Le rapport souligne également les risques potentiels d’exploitation des marchés légaux du cannabis par les réseaux du crime organisé. Alors que d’autres pays européens s’orientent vers la légalisation, la France reste vigilante pour empêcher les acteurs illicites d’infiltrer ces marchés émergents (ndlr : en leur confiant donc 100% du marché noir en France).
Autres tendances en matière de drogues en France
Si le cannabis domine la scène française des drogues, la consommation d’autres substances a également fortement augmenté :
- La cocaïne : La consommation a triplé entre 2005 et 2023, avec une estimation de 600 000 usagers en 2022. La cocaïne n’est plus considérée comme une drogue « de luxe », car son prix a baissé alors que sa pureté a augmenté
- Les drogues de synthèse : L’émergence de nouvelles substances psychoactives (NPS) continue de poser des problèmes aux services de répression, car ces drogues sont bon marché, puissantes et faciles à distribuer en ligne
Le trafic de drogue est devenu plus sophistiqué, les trafiquants tirant parti de la technologie, des réseaux de distribution décentralisés et des partenariats internationaux pour étendre leur champ d’action. Le cannabis, en particulier, bénéficie de cette professionnalisation en raison de sa forte demande et de sa rentabilité élevée.
Le rôle de l’OFAST dans la lutte contre les stupéfiants
Créé en 2020 pour remplacer l’OCRTIS, l’OFAST visait à faire oublier les bévues de son précédent patronyme et à centraliser et renforcer les efforts de la France en matière de lutte contre les stupéfiants. L’agence a doublé ses effectifs et augmenté son budget de 51%.
Elle coordonne des actions nationales et internationales, en se concentrant particulièrement sur le renseignement et la collaboration opérationnelle par le biais de ses unités régionales et départementales (CROSS). Toutefois, des défis subsistent en matière de coordination inter-agences et d’intégration efficace des diverses ressources policières.
Malgré des investissements substantiels, le rapport met en évidence plusieurs obstacles :
- Absence de mesures coordonnées : Il n’existe pas d’indicateurs unifiés pour mesurer la contribution de la police, de la gendarmerie et des douanes à la lutte contre le trafic de drogue
- Une attention limitée au blanchiment d’argent : Les efforts pour combattre l’aspect financier de la criminalité liée à la drogue sont sous-développés, avec trop peu d’enquêteurs spécialisés
- Expansion du commerce de la drogue dans les zones rurales : Auparavant concentré dans les centres urbains, le trafic de drogue s’étend désormais à 79% des communes françaises, y compris les régions rurales.

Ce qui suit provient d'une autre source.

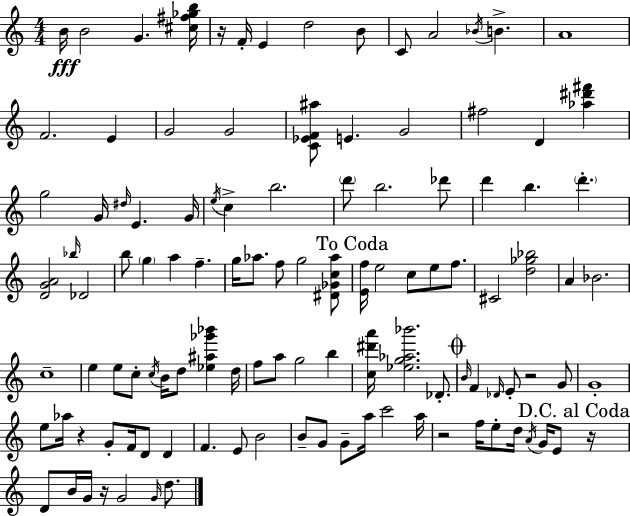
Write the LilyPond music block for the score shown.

{
  \clef treble
  \numericTimeSignature
  \time 4/4
  \key c \major
  b'16\fff b'2 g'4. <cis'' fis'' ges'' b''>16 | r16 f'16-. e'4 d''2 b'8 | c'8 a'2 \acciaccatura { bes'16 } b'4.-> | a'1 | \break f'2. e'4 | g'2 g'2 | <c' ees' f' ais''>8 e'4. g'2 | fis''2 d'4 <aes'' dis''' fis'''>4 | \break g''2 g'16 \grace { dis''16 } e'4. | g'16 \acciaccatura { e''16 } c''4-> b''2. | \parenthesize d'''8 b''2. | des'''8 d'''4 b''4. \parenthesize d'''4.-. | \break <d' g' a'>2 \grace { bes''16 } des'2 | b''8 \parenthesize g''4 a''4 f''4.-- | g''16 aes''8. f''8 g''2 | <dis' ges' c'' aes''>8 \mark "To Coda" <e' f''>16 e''2 c''8 e''8 | \break f''8. cis'2 <d'' ges'' bes''>2 | a'4 bes'2. | c''1-- | e''4 e''8 c''8-. \acciaccatura { c''16 } b'16 d''8 | \break <ees'' ais'' ges''' bes'''>4 d''16 f''8 a''8 g''2 | b''4 <c'' dis''' a'''>16 <ees'' g'' aes'' bes'''>2. | des'8.-. \mark \markup { \musicglyph "scripts.coda" } \grace { b'16 } f'4 \grace { des'16 } e'8-. r2 | g'8 g'1-. | \break e''8 aes''16 r4 g'8-. | f'16 d'8 d'4 f'4. e'8 b'2 | b'8-- g'8 g'8-- a''16 c'''2 | a''16 r2 f''16 | \break e''8-. d''16 \acciaccatura { a'16 } g'16 e'8 \mark "D.C. al Coda" r16 d'8 b'16 g'16 r16 g'2 | \grace { g'16 } d''8. \bar "|."
}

- Besoins en matière de coopération internationale : La mondialisation du trafic de stupéfiants nécessite un renforcement des partenariats internationaux
Recommandations du rapport
Le rapport invite le gouvernement français à :
- Formaliser une nouvelle stratégie antidrogue qui s’appuie sur le plan de 2019 et s’attaque aux tendances actuelles
- Améliorer la collecte de données et la coordination entre tous les organismes chargés de l’application de la loi
- Renforcer les ressources technologiques et de formation des unités de lutte contre la cybercriminalité et la criminalité financière
- Sécuriser les points d’entrée vulnérables, en particulier les ports et les plateformes de transport, contre le trafic
Le rapport conclut finalement que, bien que les services de lutte aient augmenté leur activité, produisant une augmentation des saisies de drogue et des améliorations opérationnelles, l’évolution rapide du trafic de drogue exige une réponse mieux coordonnée et plus adaptable.
Le cannabis reste un point focal, à la fois en tant que drogue la plus consommée et en tant que reflet de l’évolution plus générale du marché des drogues en France. Pour relever ces défis, il faudra selon la Cour des comptes une stratégie nationale solide, semblable aux efforts de lutte contre le terrorisme, soutenue par une amélioration des renseignements, de la coordination entre les agences et des partenariats internationaux.